KEYWORDS: Zika virus, arbovirus, congenital Zika syndrome, emergence, experimental infection, fitness, flavivirus, mouse, mutation, nonhuman primate

ABSTRACT

Although fetal death is now understood to be a severe outcome of congenital Zika syndrome, the role of viral genetics is still unclear. We sequenced Zika virus (ZIKV) from a rhesus macaque fetus that died after inoculation and identified a single intrahost substitution, M1404I, in the ZIKV polyprotein, located in nonstructural protein 2B (NS2B). Targeted sequencing flanking position 1404 in 9 additional macaque mothers and their fetuses identified M1404I at a subconsensus frequency in the majority (5 of 9, 56%) of animals and some of their fetuses. Despite its repeated presence in pregnant macaques, M1404I has occurred rarely in humans since 2015. Since the primary ZIKV transmission cycle is human-mosquito-human, mutations in one host must be retained in the alternate host to be perpetuated. We hypothesized that ZIKV I1404 increases viral fitness in nonpregnant macaques and pregnant mice but is less efficiently transmitted by vectors, explaining its low frequency in humans during outbreaks. By examining competitive fitness relative to that of ZIKV M1404, we observed that ZIKV I1404 produced lower viremias in nonpregnant macaques and was a weaker competitor in tissues. In pregnant wild-type mice, ZIKV I1404 increased the magnitude and rate of placental infection and conferred fetal infection, in contrast to ZIKV M1404, which was not detected in fetuses. Although infection and dissemination rates were not different, Aedes aegypti mosquitoes transmitted ZIKV I1404 more poorly than ZIKV M1404. Our data highlight the complexity of arbovirus mutation-fitness dynamics and suggest that intrahost ZIKV mutations capable of augmenting fitness in pregnant vertebrates may not necessarily spread efficiently via mosquitoes during epidemics.
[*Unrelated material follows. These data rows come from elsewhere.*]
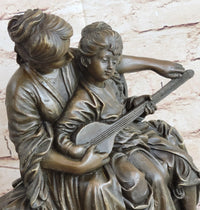 Mother & Daughter Playing Guitar Bronze Sculpture Vintage Art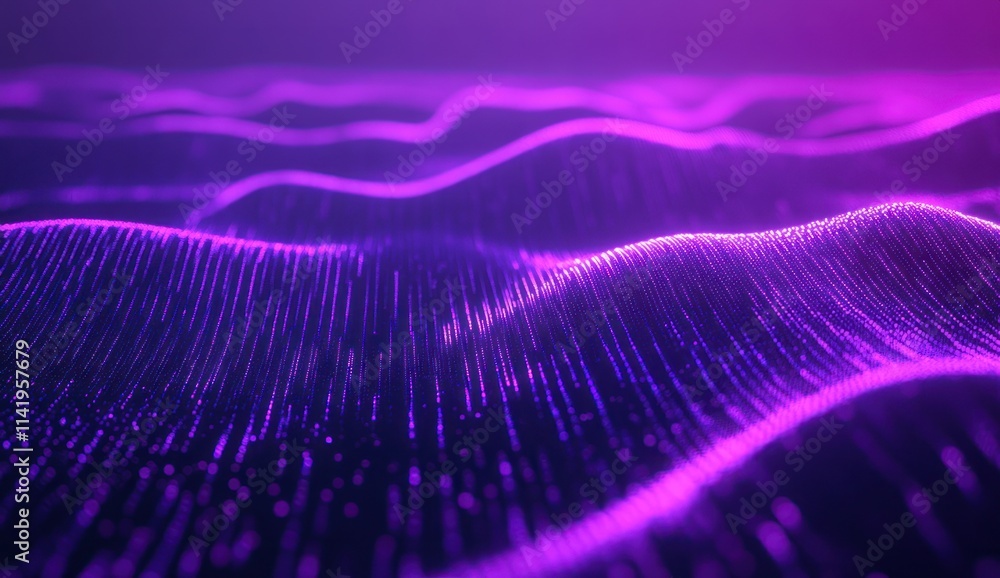 Poster abstract purple wave pattern with vibrant light.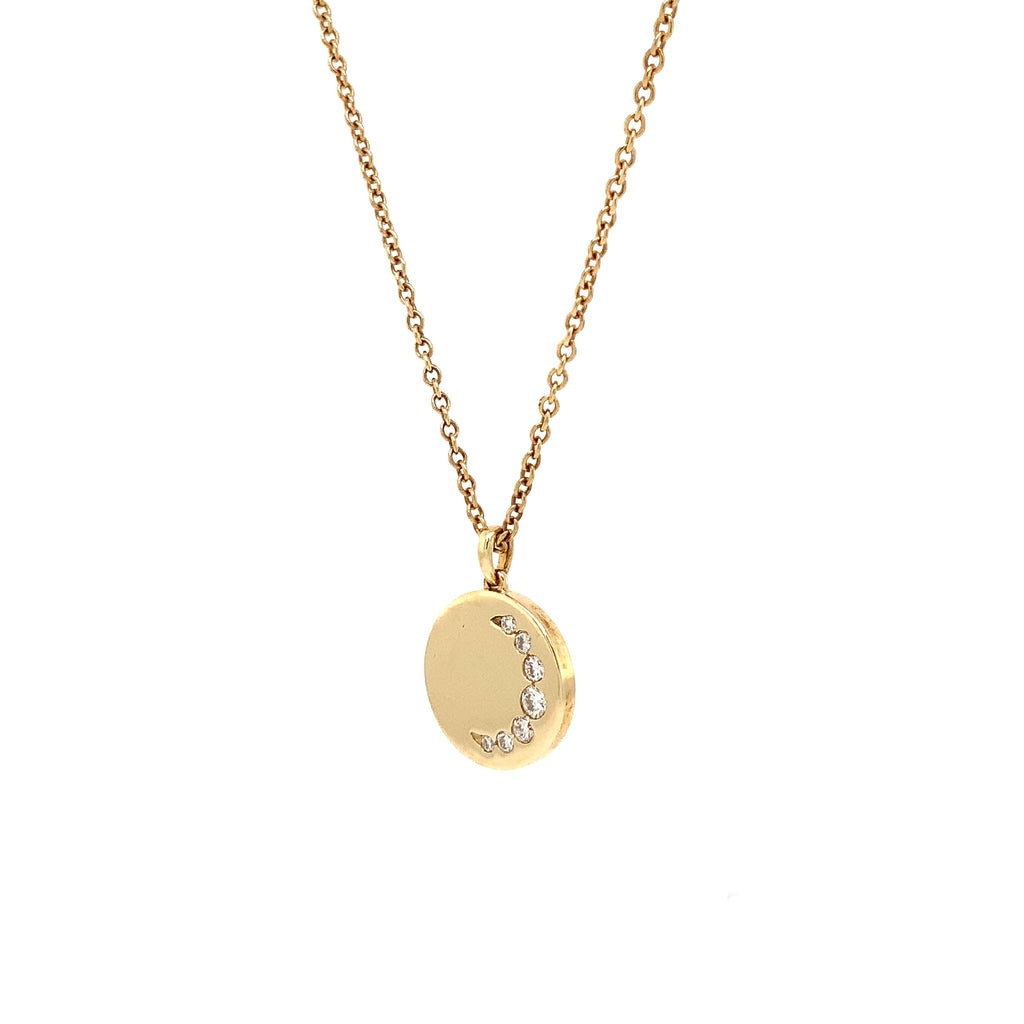 Memoire Diamond Luna Crescent Medallion Necklace in 18Kt Yellow Gold - Image 4 of 11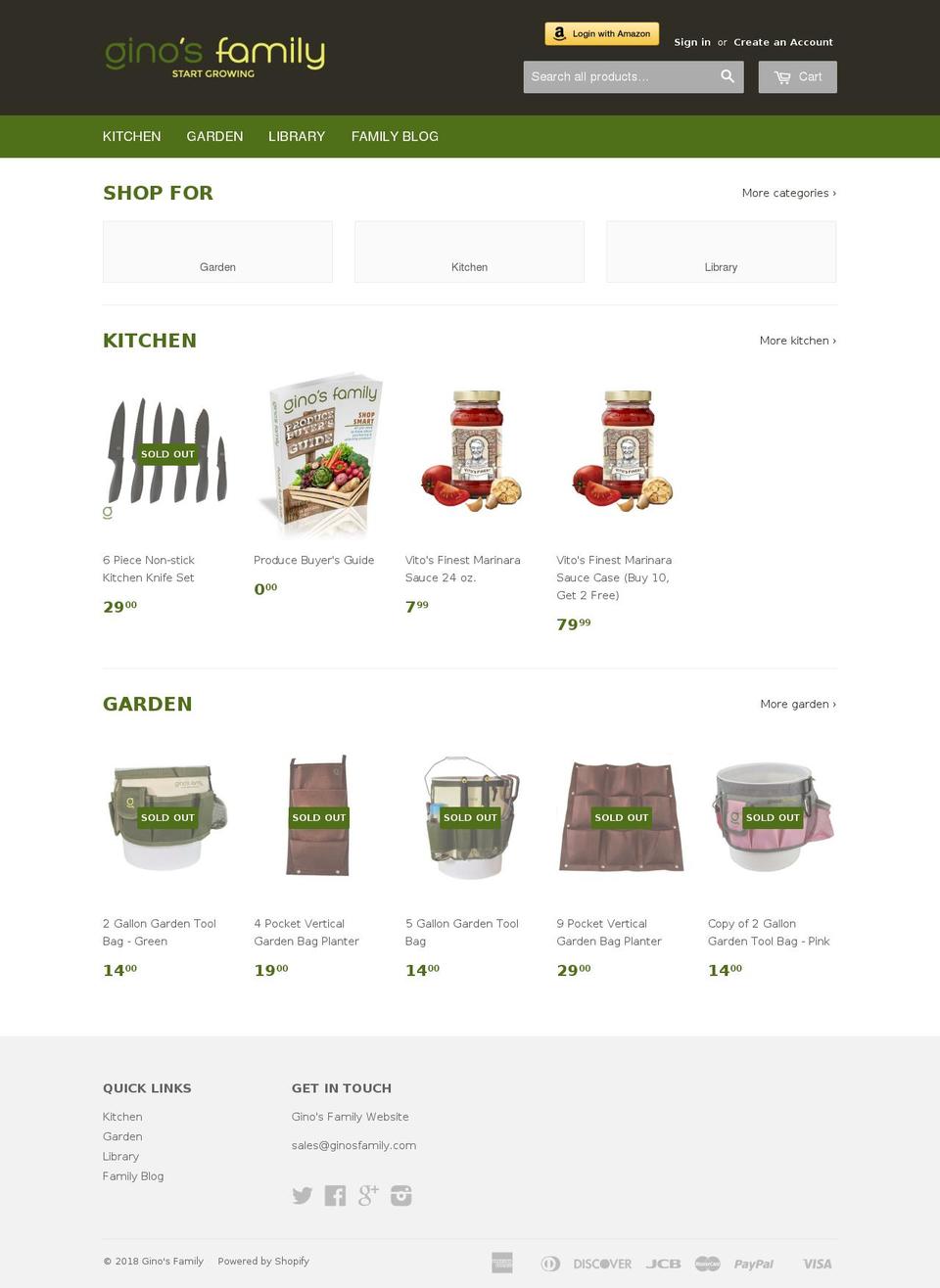 ginosfamily.com — Shopify storefront screenshot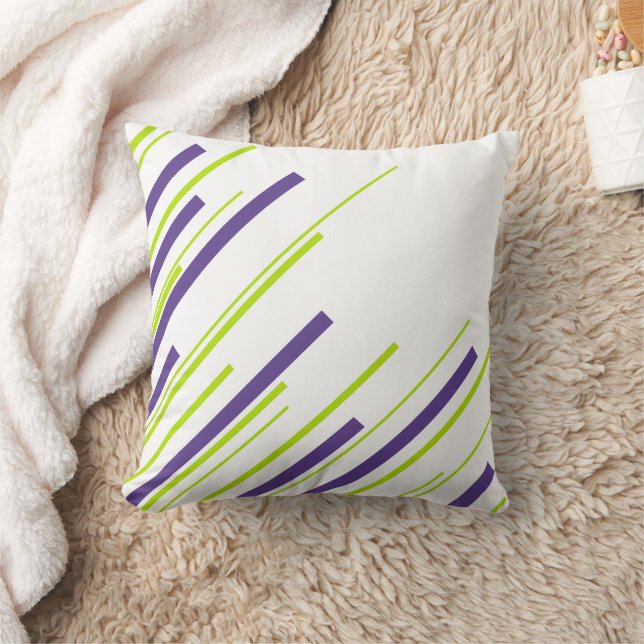 Diagonals in Lime Green and Purple Cushion (Blanket)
IMPORTANCE Although Zika virus infection of pregnant women can result in congenital Zika syndrome, the factors that cause the syndrome in some but not all infected mothers are still unclear. We identified a mutation that was present in some ZIKV genomes in experimentally inoculated pregnant rhesus macaques and their fetuses. Although we did not find an association between the presence of the mutation and fetal death, we performed additional studies with ZIKV with the mutation in nonpregnant macaques, pregnant mice, and mosquitoes. We observed that the mutation increased the ability of the virus to infect mouse fetuses but decreased its capacity to produce high levels of virus in the blood of nonpregnant macaques and to be transmitted by mosquitoes. This study shows that mutations in mosquito-borne viruses like ZIKV that increase fitness in pregnant vertebrates may not spread in outbreaks when they compromise transmission via mosquitoes and fitness in nonpregnant hosts.

INTRODUCTION

Congenital Zika syndrome (CZS), caused by Zika virus (ZIKV), produces a disease spectrum that sometimes results in microcephaly or death in fetuses from mothers infected during pregnancy. In North and South American outbreaks since 2015, about 15% of fetuses from ZIKV-infected mothers displayed reduced growth, sensory disorders, and central nervous system malformations (16), manifestations of CZS (79). CZS abnormalities are associated with the detection of ZIKV RNA or infectious virus in amniotic fluid (AF) and fetal tissues, including brain (46, 1014). Viral and host factors that affect the severity of CZS, including why some fetuses die or develop microcephaly while others do not, are still not well understood.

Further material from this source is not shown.